Un assistente parlamentare, Antonello Nicosia, membro del comitato nazionale dei Radicali italiani, è stato arrestato all’alba di oggi insieme con altre 4 persone, con l’accusa di avere veicolato messaggi fuori dalle carceri. In manette anche il capomafia di Sciacca Accursio Dimino. Secondo la Procura avrebbe fatto da tramite tra capimafia, alcuni dei quali al 41 bis, e i clan, portando all’esterno messaggi e anche ordini. Nicosia ha accompagnato la deputata Pina Occhionero (ex LeU e di recente passata a Italia Viva, che risulta estranea alla vicenda) in alcune ispezioni all’interno delle carceri siciliane: durante quelle visite i boss avrebbero affidato all’assistente della parlamentare dei messaggi da recapitare all’esterno.
Antonello Nicosia, 48 anni, originario di Sciacca, è stato eletto nel Comitato Nazionale dal XVII Congresso di Radicali Italiani. Ma è anche assistente parlamentare giuridico-psicopedagogico alla Camera dei deputati, in particolare di Giuseppina Occhionero. Secondo l’accusa aveva una doppia vita, pubblicamente parlava di legalità e diritti dei detenuti, poi invece avrebbe aiutato i detenuti a fare uscire dal carcere dei messaggi alle famiglie mafiose.
L’INTERCETTAZIONE – L’uccisione di Giovanni Falcone, nella strage di Capaci del 23 maggio 1992, “fu un incidente di lavoro”. A dire queste parole agghiaccianti, senza sapere di essere registrato dalle cimici della Procura di Palermo, Nicosia. L’assistente parlamentare era anche conduttore in tv della trasmissione “Mezz’ora d’aria” e parlava di legalità e diritti, ma dalle intercettazioni degli investigatori usava un altro linguaggio. Come le parole sul giudice Falcone. “E’ stato un incidente sul lavoro”, diceva. Per la procura era in contatto con diversi boss, in virtù del suo ruolo di assistente parlamentare e di direttore dell’Osservatorio internazionale dei diritti umani, onlus che si occupa della difesa dei diritti dei detenuti.

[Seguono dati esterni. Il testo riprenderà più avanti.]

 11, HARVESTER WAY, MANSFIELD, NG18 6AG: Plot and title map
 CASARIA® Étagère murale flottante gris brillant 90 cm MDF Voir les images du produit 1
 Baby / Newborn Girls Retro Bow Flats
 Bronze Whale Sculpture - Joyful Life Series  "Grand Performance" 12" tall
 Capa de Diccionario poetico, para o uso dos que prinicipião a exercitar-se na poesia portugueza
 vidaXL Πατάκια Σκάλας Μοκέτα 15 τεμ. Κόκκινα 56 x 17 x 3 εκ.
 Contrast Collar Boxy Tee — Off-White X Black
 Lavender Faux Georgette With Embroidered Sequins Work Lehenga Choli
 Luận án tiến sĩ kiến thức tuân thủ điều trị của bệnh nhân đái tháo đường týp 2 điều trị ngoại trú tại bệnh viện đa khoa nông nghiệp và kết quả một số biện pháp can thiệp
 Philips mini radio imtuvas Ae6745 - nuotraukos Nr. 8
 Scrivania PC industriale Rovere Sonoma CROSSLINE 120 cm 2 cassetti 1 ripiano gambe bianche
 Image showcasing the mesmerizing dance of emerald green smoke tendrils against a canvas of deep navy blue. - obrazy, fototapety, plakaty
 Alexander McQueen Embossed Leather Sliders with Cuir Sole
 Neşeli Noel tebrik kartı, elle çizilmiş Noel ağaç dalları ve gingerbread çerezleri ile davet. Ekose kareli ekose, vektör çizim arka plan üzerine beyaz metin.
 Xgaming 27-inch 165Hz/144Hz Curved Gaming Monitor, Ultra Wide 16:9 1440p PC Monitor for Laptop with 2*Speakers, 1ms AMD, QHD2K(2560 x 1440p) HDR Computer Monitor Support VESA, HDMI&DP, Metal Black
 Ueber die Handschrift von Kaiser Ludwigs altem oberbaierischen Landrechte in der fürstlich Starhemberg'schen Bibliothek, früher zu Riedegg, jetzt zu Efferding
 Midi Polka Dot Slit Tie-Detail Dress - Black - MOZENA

Nel corso delle intercettazioni registrate dagli inquirenti, Antonello Nicosia, avrebbe più volte insultato il giudice Giovanni Falcone. Parole pesanti che sono finite nel fermo che ha portato in carcere altre quattro persone. Accuse al giudice ucciso il 23 maggio 1992 insieme con la moglie Francesca Morvillo e tre uomini della scorta anche sul suo ruolo al Ministero della Giustizia, prima della strage di Capaci. “Più che il magistrato faceva i politico”, diceva senza sapere di essere intercettato.